▶ _THE TASK_
The line containing "Burberry funnel-neck check-trim cardigan" and each line after it, through the final line of the data, are to be retyped exactly, with pictures left out.

Short text fragments from websites:
BEGIN
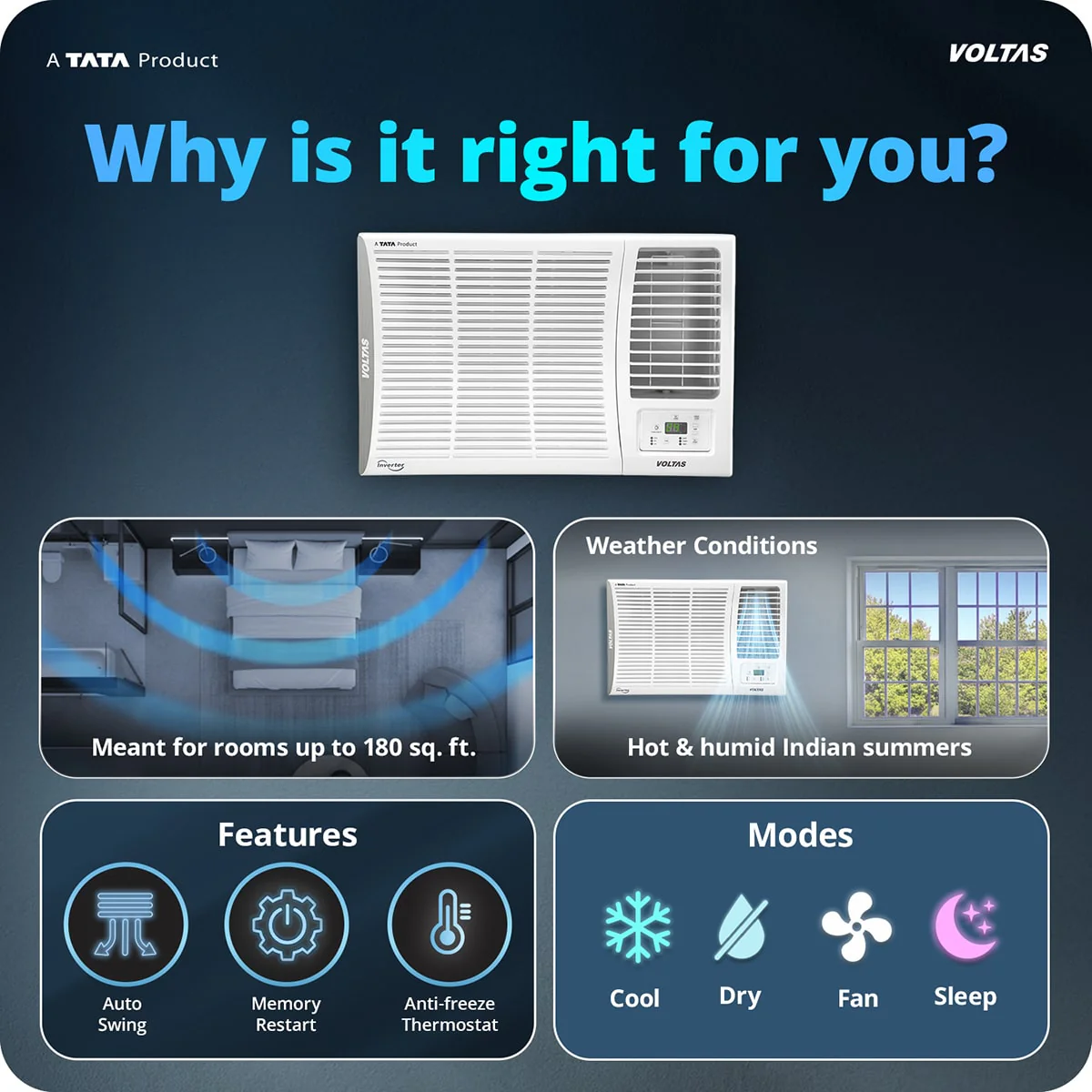 Voltas Window Air Conditioner, 1.5 Ton, 5 Star - 185INV Elite - Image 3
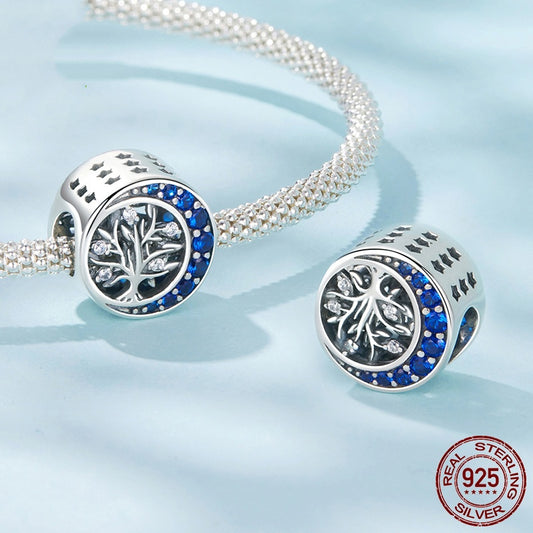 S925 Sterling Silver Moon Life Beaded Bracelet Beads Accessories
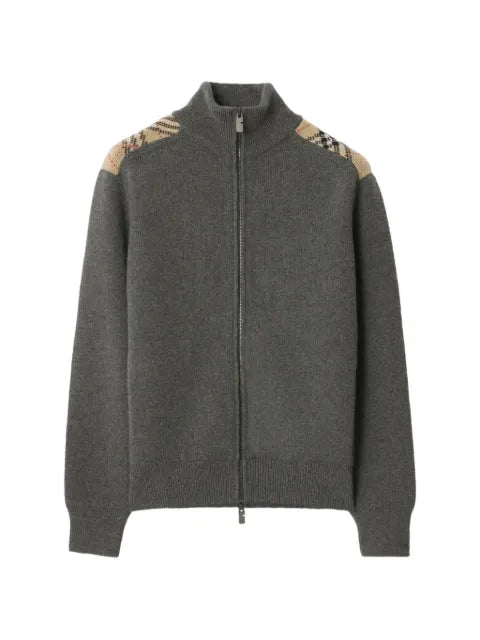 Burberry funnel-neck check-trim cardigan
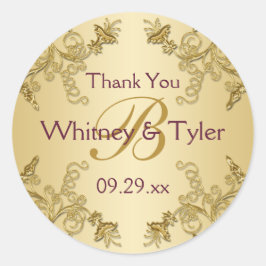 Adesivo Redondo Vinho de ameixa e Vinheta Monográfica Dourada para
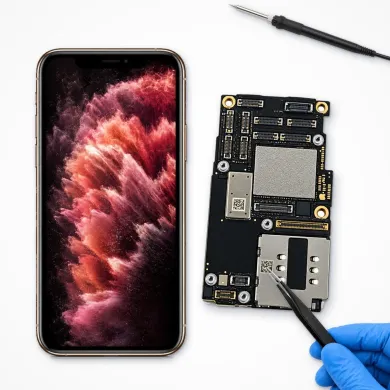 Placa base real del iPhone 11 Pro con soldador y mano de técnico: microsoldadura de placa base en Madrid
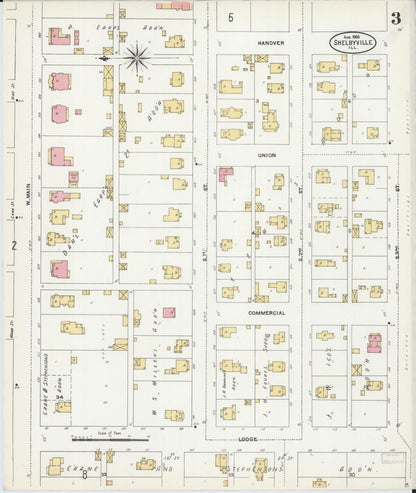 Sanborn Fire Insurance Map from Shelbyville, Shelby County, Illinois (1906), Sheet #0003 - Complete Map Set gallery image, historic Sanborn map, vintage wall art, Illinois Illinois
END
▶ _ANSWER BOX_
 Burberry funnel-neck check-trim cardigan
 Adesivo Redondo Vinho de ameixa e Vinheta Monográfica Dourada para
 Placa base real del iPhone 11 Pro con soldador y mano de técnico: microsoldadura de placa base en Madrid
 Sanborn Fire Insurance Map from Shelbyville, Shelby County, Illinois (1906), Sheet #0003 - Complete Map Set gallery image, historic Sanborn map, vintage wall art, Illinois Illinois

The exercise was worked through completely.